Chapter IV – Digital operational resilience testing (Art. 24-27)
Art. 24 DORA - General requirements for the performance of digital operational resilience testing
- For the purpose of assessing preparedness for handling ICT-related incidents, of identifying weaknesses, deficiencies and gaps in digital operational resilience, and of promptly implementing corrective measures, financial entities, other than microenterprises, shall, taking into account the criteria set out in Article 4(2), establish, maintain and review a sound and comprehensive digital operational resilience testing programme as an integral part of the ICT risk-management framework referred to in Article 6.
- The digital operational resilience testing programme shall include a range of assessments, tests, methodologies, practices and tools to be applied in accordance with Articles 25 and 26.
- When conducting the digital operational resilience testing programme referred to in paragraph 1 of this Article, financial entities, other than microenterprises, shall follow a risk-based approach taking into account the criteria set out in Article 4(2) duly considering the evolving landscape of ICT risk, any specific risks to which the financial entity concerned is or might be exposed, the criticality of information assets and of services provided, as well as any other factor the financial entity deems appropriate.
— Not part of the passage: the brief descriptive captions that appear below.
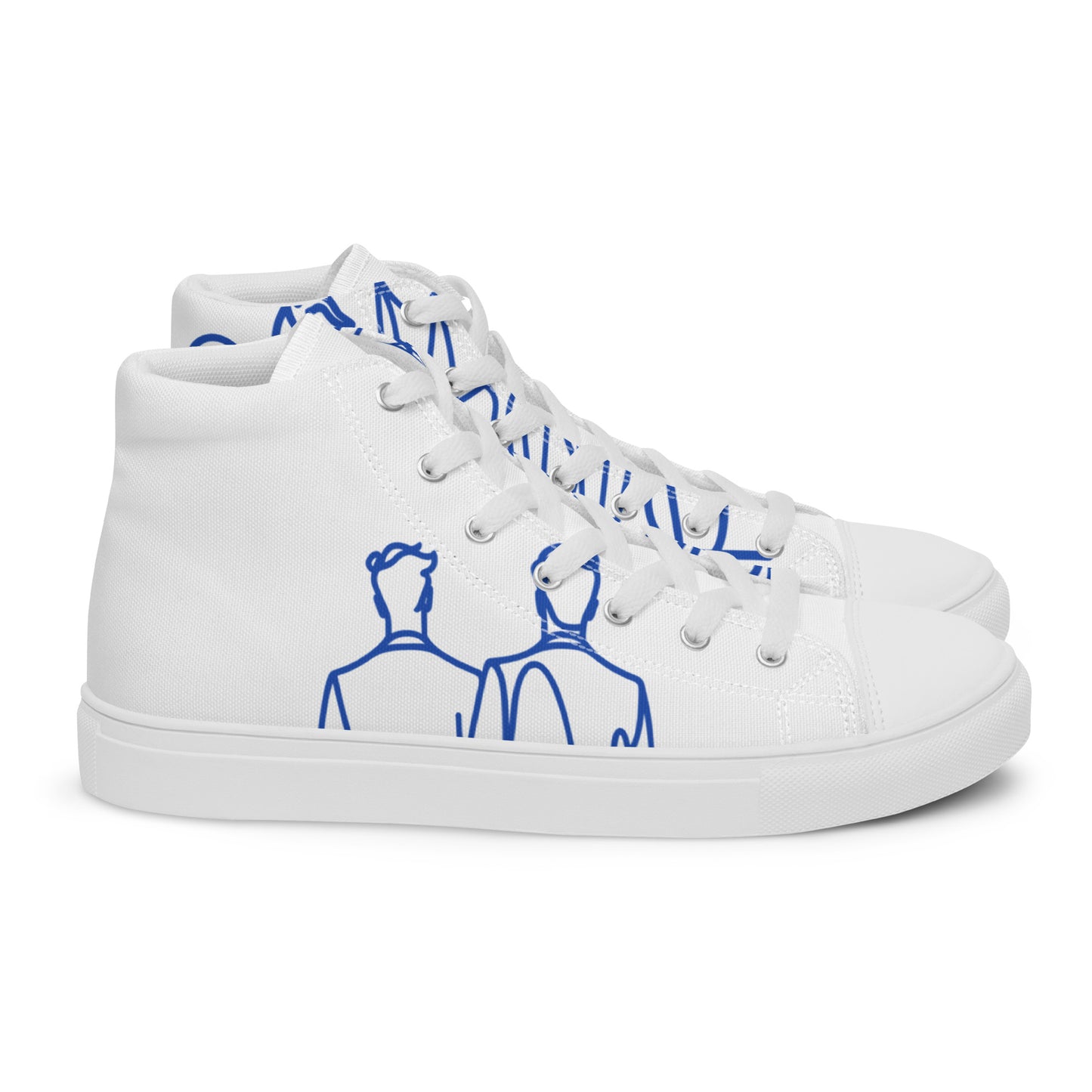 Baskets Hautes en Toile Homme blanche logo Bleu Roi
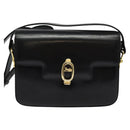 CELINE Horse Carriage Shoulder Bag Leather Black Gold Auth BA5462-2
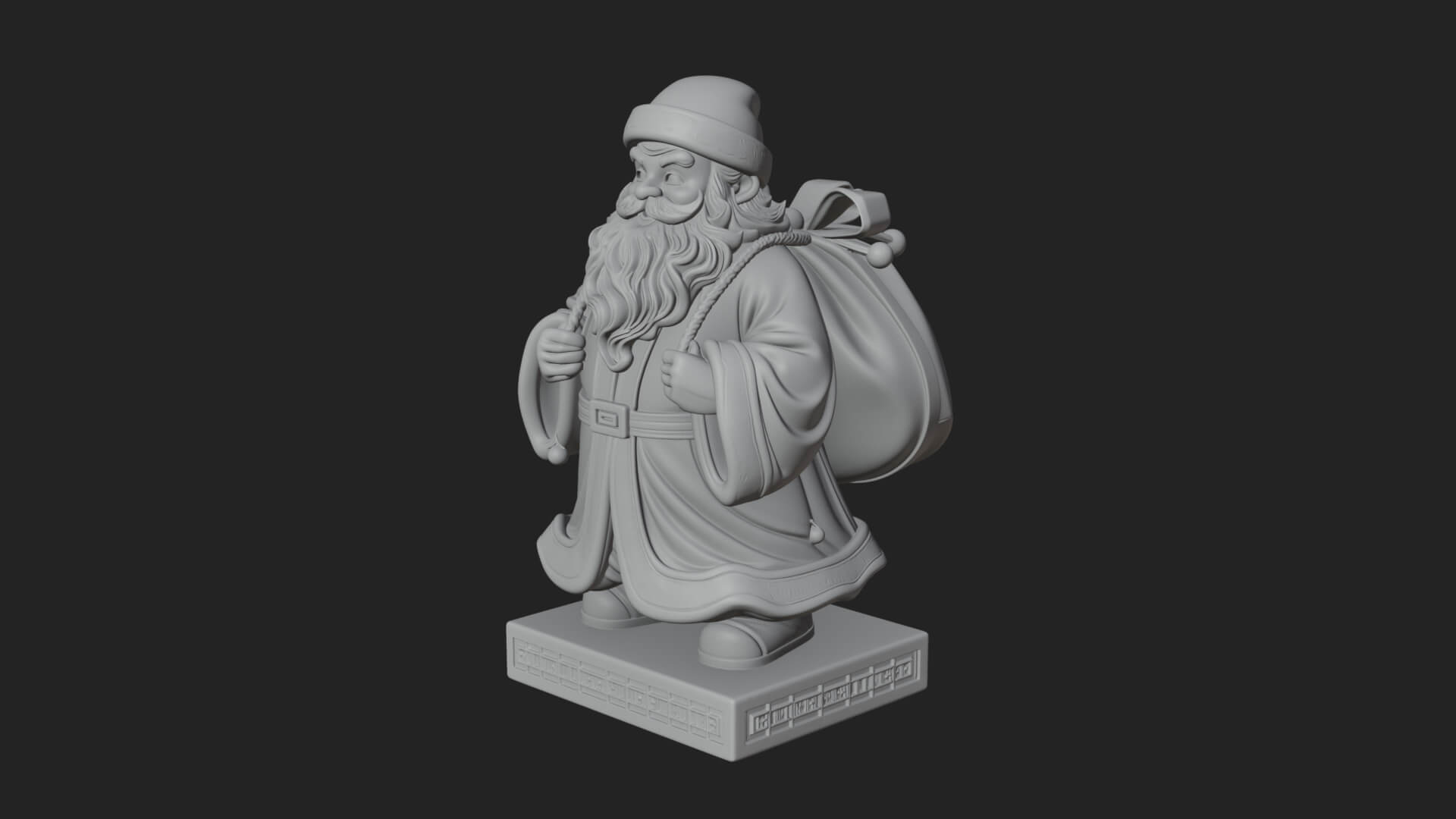 Santa Claus With Gift Sack Statue Design 11 3D Print Model 3D Model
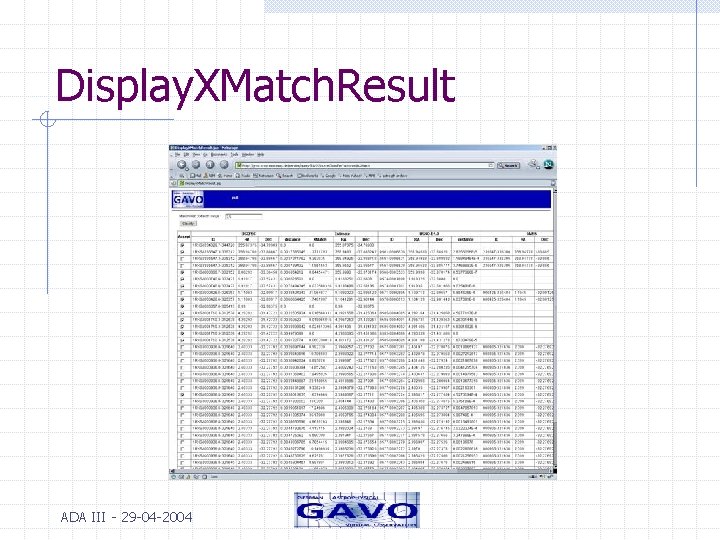 Display. XMatch. Result ADA III - 29 -04 -2004 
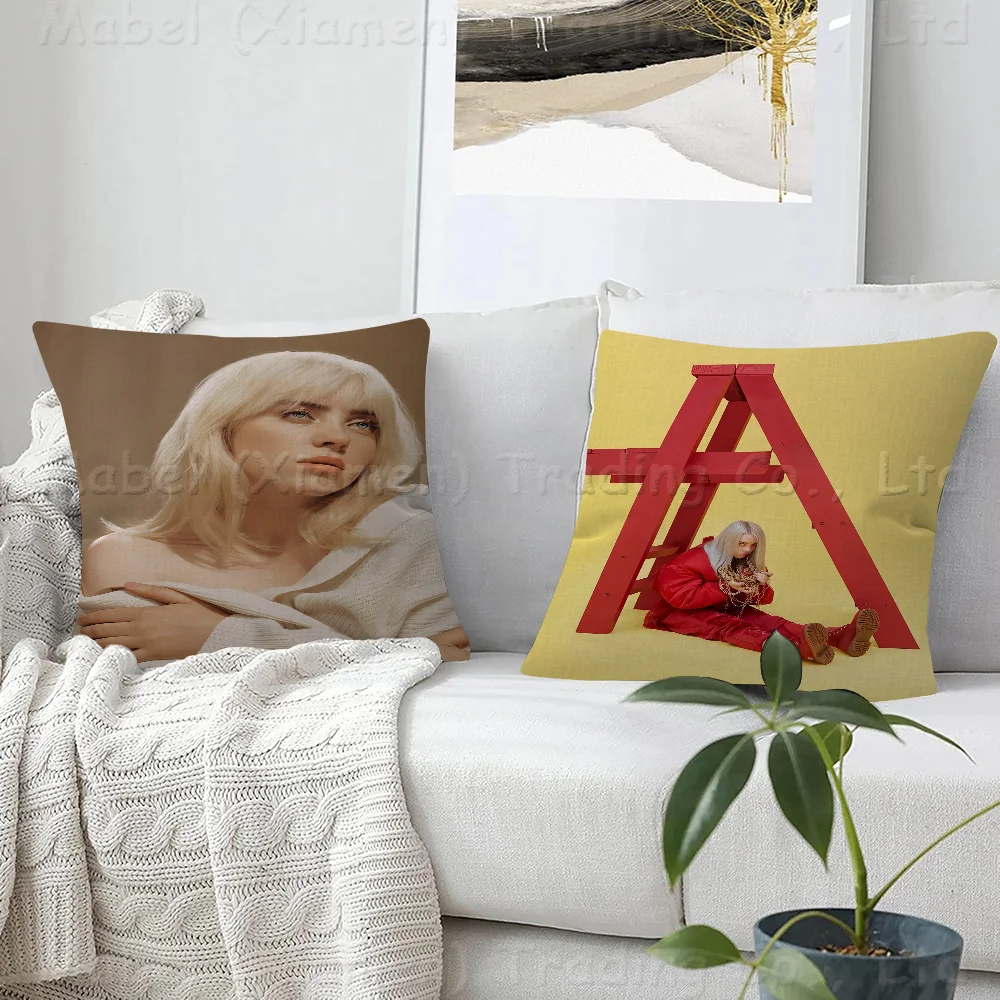 Pop Singer B-Billie Singer Pillow Covers Cartoon Sofa Decorative Home Double-sided Printing Short Plush Cute Cushion Cover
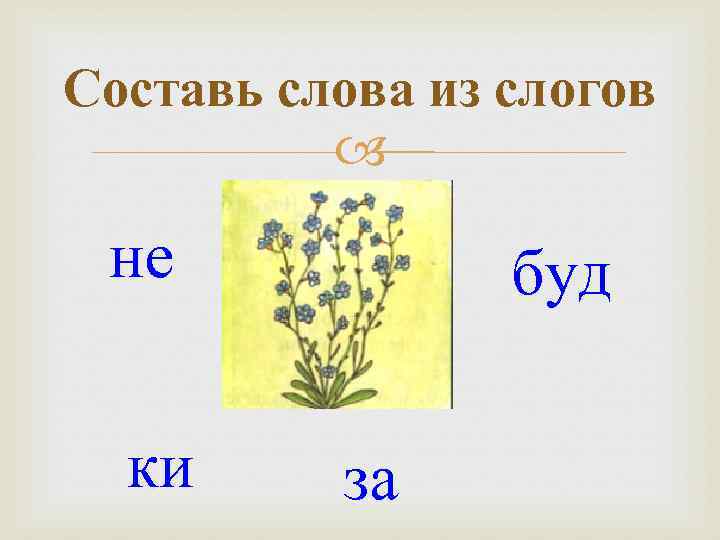 Составь слова из слогов не ки буд за 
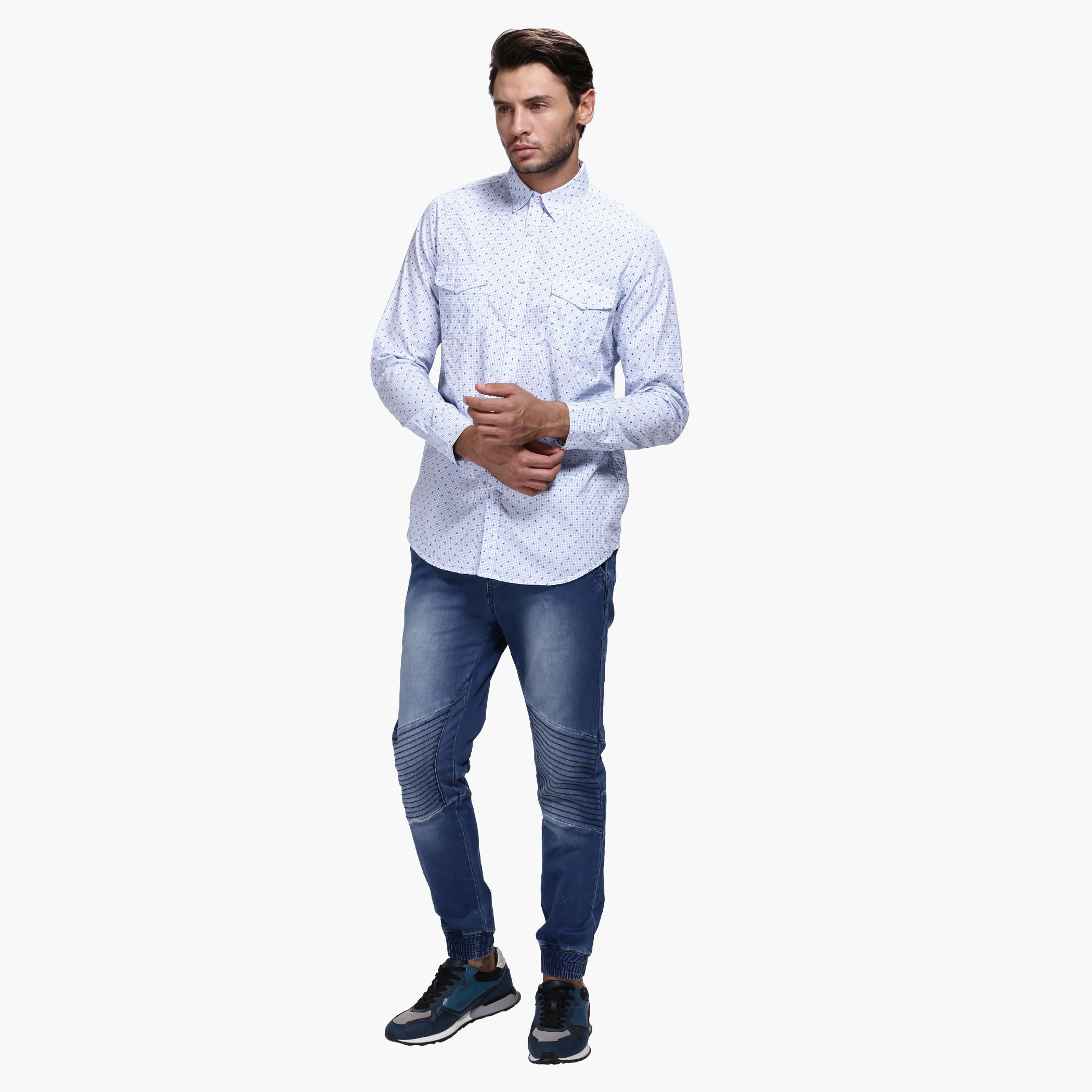 Lee Cooper Printed Shirt with Long Sleeves in Slim Fit-men-clothing-shirts-image-5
- Financial entities, other than microenterprises, shall ensure that tests are undertaken by independent parties, whether internal or external. Where tests are undertaken by an internal tester, financial entities shall dedicate sufficient resources and ensure that conflicts of interest are avoided throughout the design and execution phases of the test.
- Financial entities, other than microenterprises, shall establish procedures and policies to prioritise, classify and remedy all issues revealed throughout the performance of the tests and shall establish internal validation methodologies to ascertain that all identified weaknesses, deficiencies or gaps are fully addressed.
- Financial entities, other than microenterprises, shall ensure, at least yearly, that appropriate tests are conducted on all ICT systems and applications supporting critical or important functions.
Digital operational resilience testing requirements have been developed in certain financial subsectors setting out frameworks that are not always fully aligned. This leads to a potential duplication of costs for cross-border financial entities and makes the mutual recognition of the results of digital operational resilience testing complex which, in turn, can fragment the internal market.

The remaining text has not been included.